Kospi suffers biggest selloff since March

Foreign-led selling sends benchmark down nearly 10%, triggering trading halt

A financial data board at Hana Bank's dealing room in central Seoul on Tuesday displays the Kospi closing at 8,203.84, shedding 9.99 percent from the previous session. (Yoon Chang-bin/The Korea Herald)
A financial data board at Hana Bank’s dealing room in central Seoul on Tuesday displays the Kospi closing at 8,203.84, shedding 9.99 percent from the previous session. (Yoon Chang-bin/The Korea Herald)

The South Korean benchmark Kospi dived nearly 10 percent on Tuesday, marking the second-largest daily decline of the year.

The Kospi fell 9.99 percent to close at 8,203.84. After opening at 9,083.54, down 0.34 percent from the previous session, it traded flat in early dealings before turning sharply lower around noon, eventually closing at its intraday low as losses deepened.

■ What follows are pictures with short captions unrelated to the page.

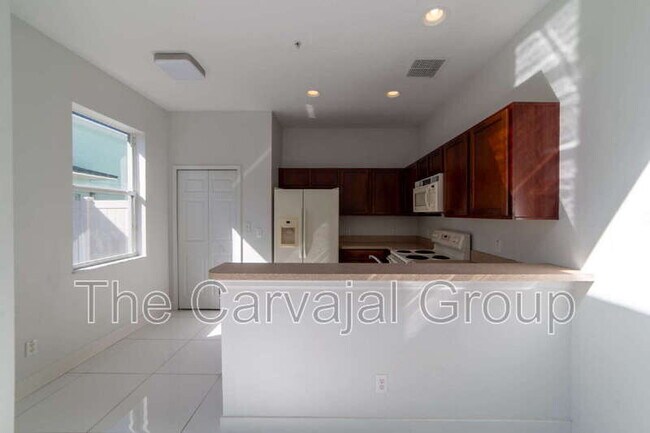 Building Photo - 10224 Vickers Ridge Dr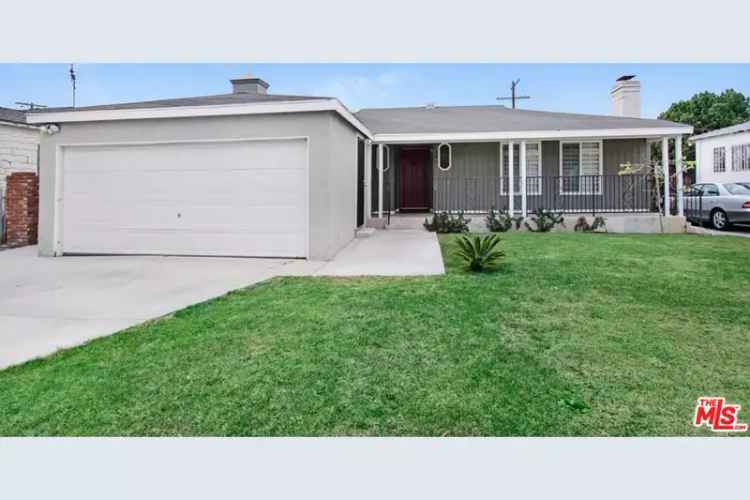 Buy Traditional Home in Crenshaw Manor with Spacious Great Room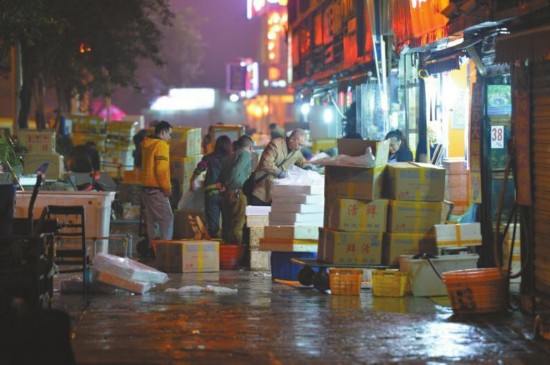 成都青石桥海鲜市场半夜喇叭声卸货声 声声刺耳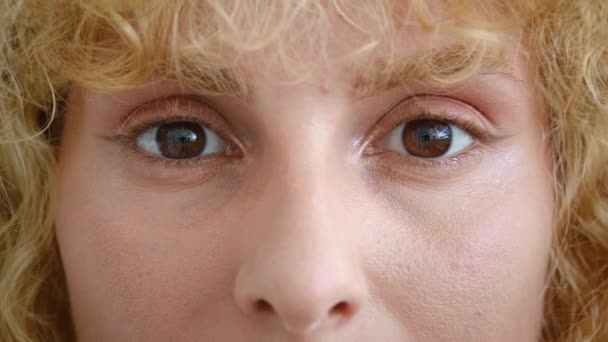 Молода Руда Красива Жінка Таємничим Виглядом Таємничим Виглядом Камеру Офтальмологічна — стокове відео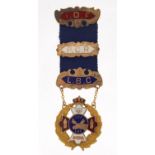 10ct gold and enamel Independent Order of the Foresters jewel, approximate weight 13.0g : For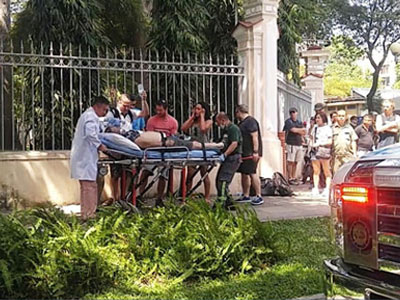 Ông Tây ngất xỉu trên vỉa hè ở trung tâm Sài Gòn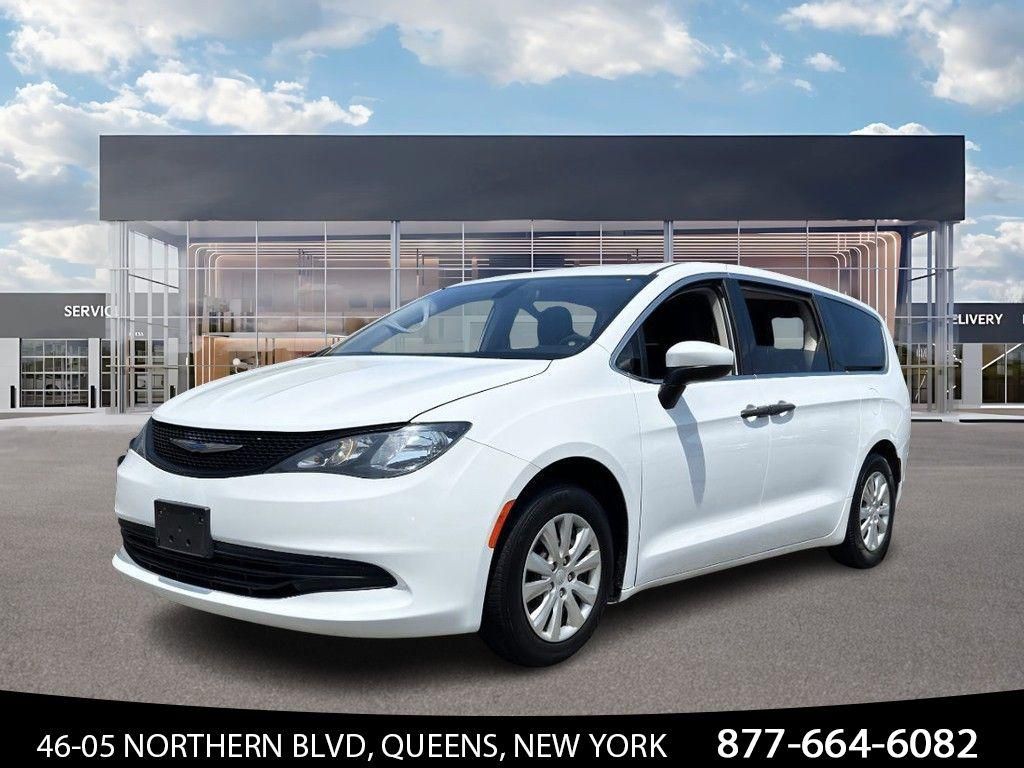 2020 Chrysler Voyager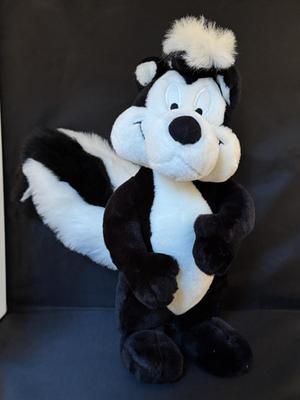 Pepè Le Pew Large Plush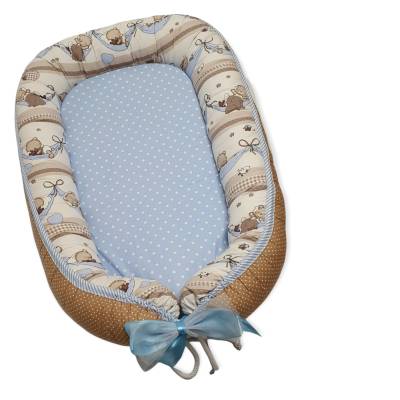 Handgemachtes Babynestchen – Kuscheliges Nest für Mädchen & Jungen, schlafendes Bärchen, Baumwolle, hellbraun-beige-hellblau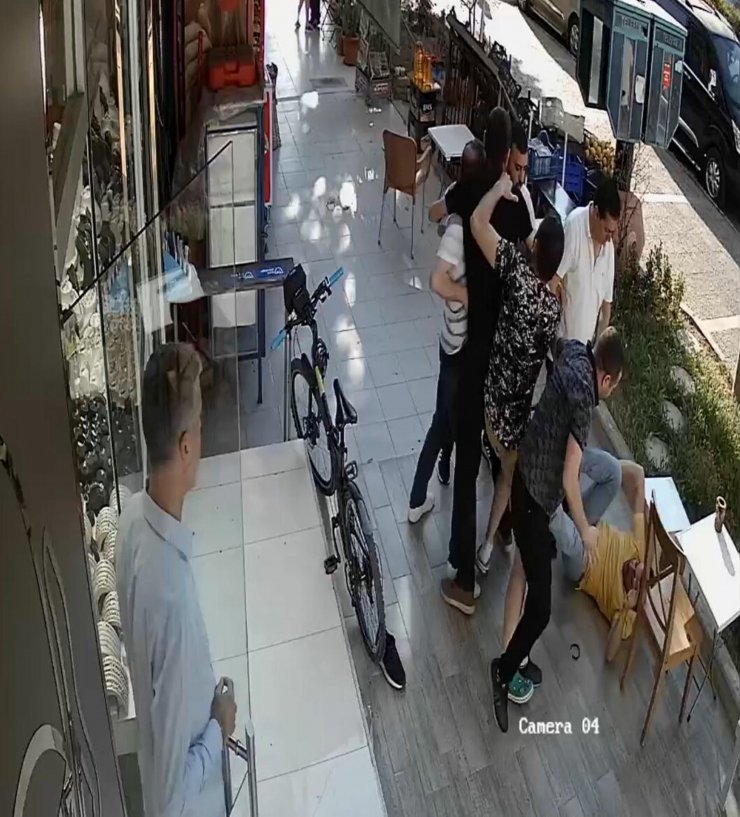 Doktora, ‘güvenlik kamerası’ tartışmasında darp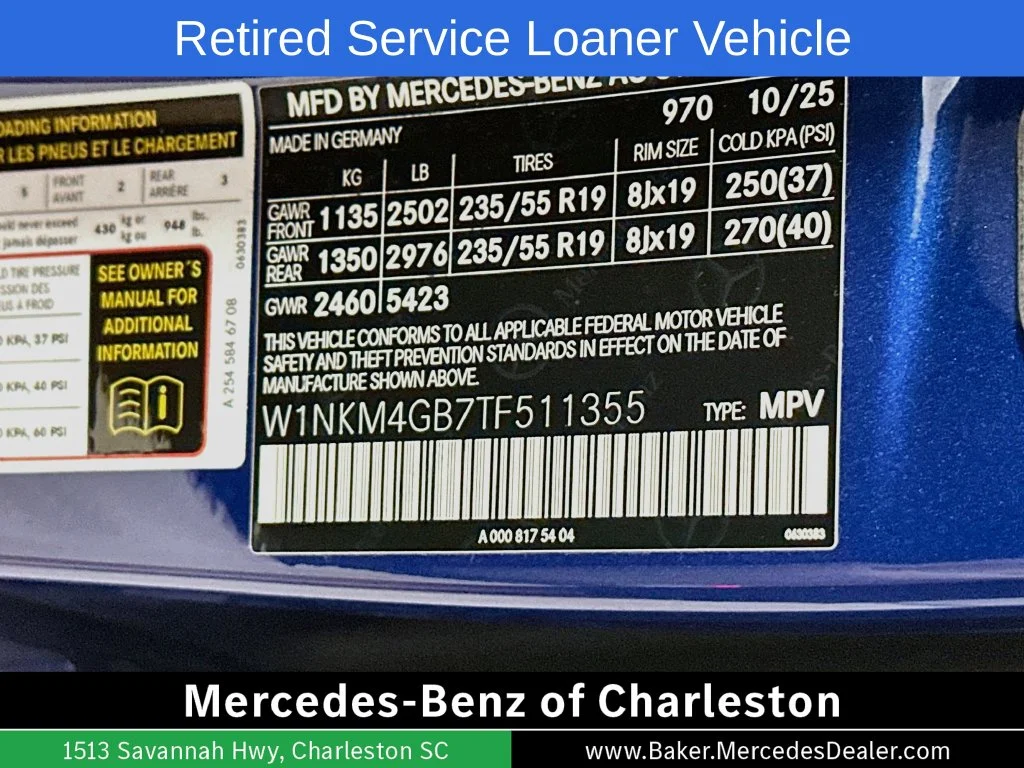 Used 2026 Starling Blue Metallic Mercedes-Benz GLC 300 image 35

The nearly 10 percent decline was the second-largest daily fall on the Kospi this year, after a 12.06 percent drop on March 4 following the outbreak of the Iran war. It was also the fifth-largest single-day decline on record.

A series of trading curbs was activated to ease market volatility. A sell-side sidecar, a five-minute halt on program trading, was triggered at 11:40 a.m., and a circuit breaker followed at 2:33 p.m., prompting the stock exchange to suspend trading for 20 minutes.

Retail investors were the sole net buyers, snapping up a net 8.58 trillion won ($5.6 billion) worth of stocks on the main board, the largest ever daily net buying on the index, but it was not enough to keep the index afloat.

Foreign investors were net sellers of 4.13 trillion won in shares, while institutional investors also offloaded a net 4.55 trillion won.

Chip stocks wobbled. SK hynix and Samsung Electronics both dropped about 12 percent, to 2.555 million won and 310,000 won, respectively, as of the close of daytime trading.

Though Samsung Electronics briefly overtook SK hynix in market capitalization during trading, SK hynix reclaimed the top spot by the close, retaining its lead from the previous session.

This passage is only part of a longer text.